Title: User selectable configuration options application for inaccessible nonvolatile storage at bootstrap

Description:
BACKGROUND OF THE INVENTION 
   1. Field of the Invention 
   The present invention relates to the field of computer motherboard organization and more particularly to applying user selectable configuration settings during bootstrap. 
   2. Description of the Related Art 
   The computer has evolved over time from a massive collection of electronic and electrical components to a tightly integrated marvel of technology packaged within the smallest imaginable confines. The computer generally includes a motherboard hosting multiple integrated circuit chips. The motherboard chipset for a computer generally includes a central processing unit (CPU), dynamic and non-volatile memory, and one or more peripheral devices. Modern motherboard designs incorporate both a north bridge chipset and a south bridge chipset. The north bridge chipset is responsible for controlling data transmission among the CPU, dynamic memory and a video display. The south bridge chipset, by comparison, manages communications between the CPU and the peripheral devices. 
   Exemplary peripheral devices include legacy bus technologies such as a peripheral component interconnect (PCI) slots and industry standard architecture (ISA) slots, fixed drive drives, universal serial bus (USB) controllers, local area network controllers, fire-wire controllers and the like. The latter require relatively high transmission speeds and enjoy near direct access to non-volatile memory, while the former peripheral devices do not require high transmission speed to transmit the data and store data through an input/output (I/O) chipset. Notably, the south bridge chipset manages access to the basic input output system (BIOS) utilized during bootstrap to initialize the operational functionality of the underlying computer. 
   In modern computing systems, non-volatile memories like FLASH memory containing the boot code of the BIOS are increasingly supported by the north bridge chipset rather than the south bridge chip set. In consequence, the basic functionality for the computing system can be enabled immediately after power on reset of the motherboard before establishing a communicative path from the CPU to the south bridge. Thus, the CPU can execute the boot code in the BIOS through the north bridge chipset and, as a result, the computing system can be configured at an earlier stage of bootstrap. Still, user configurable options associated with the BIOS remain in battery backed up non-volatile storage managed by the south bridge. Thus, user configurable options cannot be applied during bootstrap until a communicative path has been established between the CPU and the south bridge chip set. 
   BRIEF SUMMARY OF THE INVENTION 
   Embodiments of the present invention address deficiencies of the art in respect to applying user configurable options during bootstrap and provide a novel and non-obvious method, system and computer program product for user selectable configuration options application for inaccessible nonvolatile storage at bootstrap. In one embodiment of the invention, a method for user selectable configuration options application for inaccessible nonvolatile storage at bootstrap can be provided.
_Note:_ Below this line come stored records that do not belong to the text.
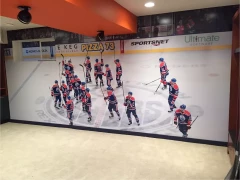 Sports Team Wall Mural This image shows sports team wall mural.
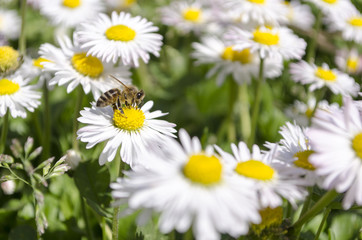 Bee, gathering pollen on a daisy flower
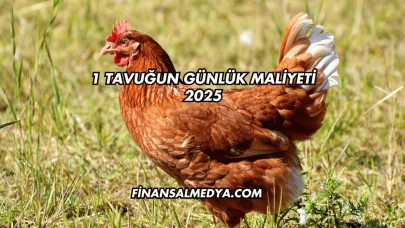 1 Tavuğun Günlük Maliyeti 2025
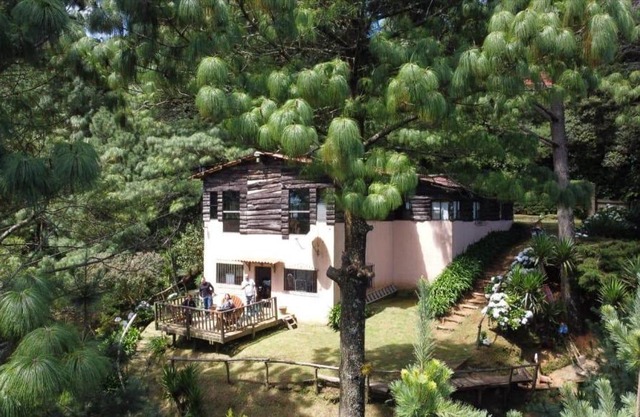 Cabaña “Los Pinabetes”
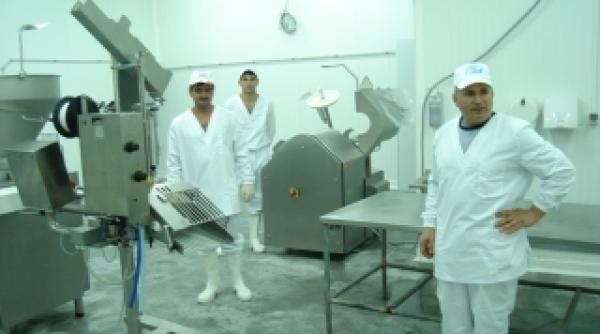 porcarie la abator protest in germania din cauza dumping ului social romanesc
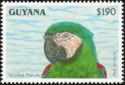 Severa Macaw (Ara severa)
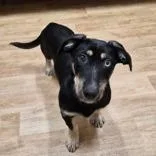 Marlee thumbnail 2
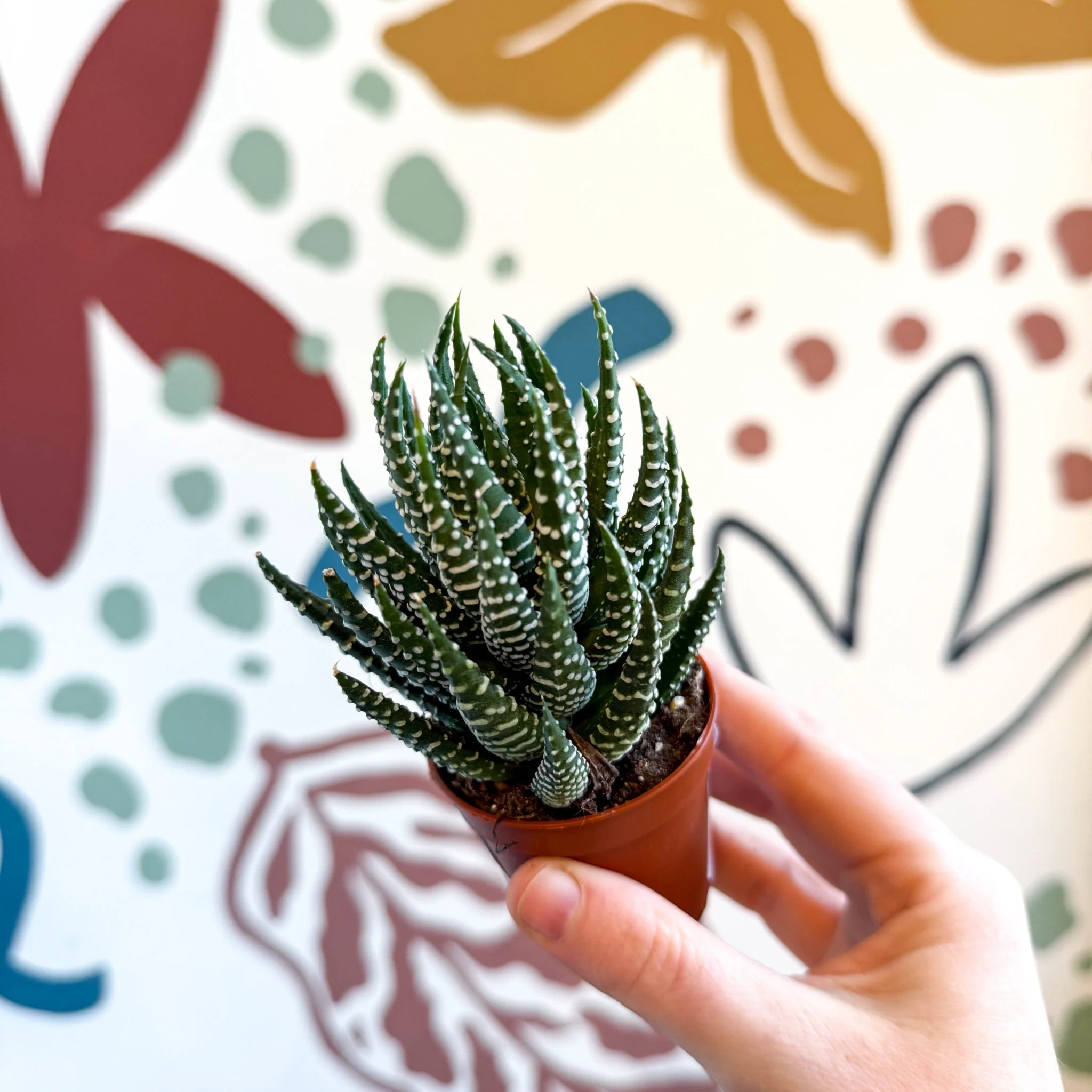 Haworthiopsis fasciata – Zebra Haworthia - Image 8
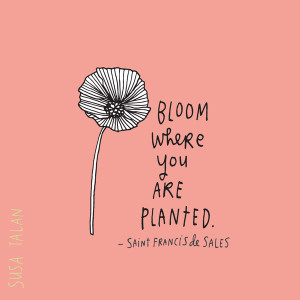 365 Days of Gratitude: Day 188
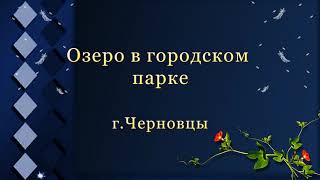 Озеро в парке отдыха Натуральный футаж озеро Видеофон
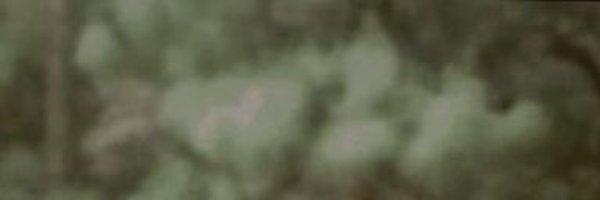 ss__095 Profile Banner
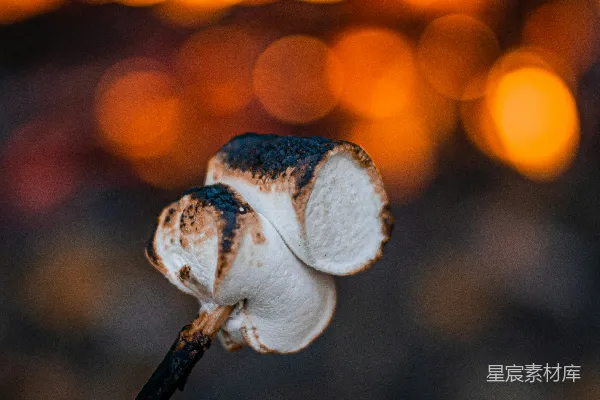 一朵花的特写镜头，背景中有模糊的灯光。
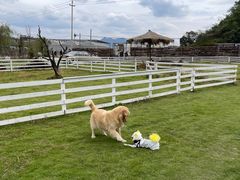 -溪口-滕头旅游景区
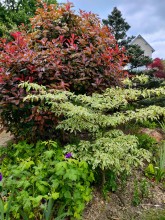 Nos prestations sur le secteur de Garches dans les Hauts-de-Seine 92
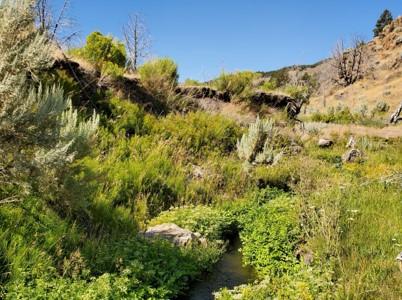 Coleman Creek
The method can include powering up a motherboard for a computer system and reading user selectable configuration options for the computing system from sticky bits prior to bootstrap for the motherboard. In this regard, sticky bits are bits stored in memory that are preserved during system reset, but that are not preserved during power cycle. The method further can include applying the user selectable configuration options to the computing system. Finally, the method can include performing bootstrap for the motherboard subsequent to applying the user selectable configuration options. 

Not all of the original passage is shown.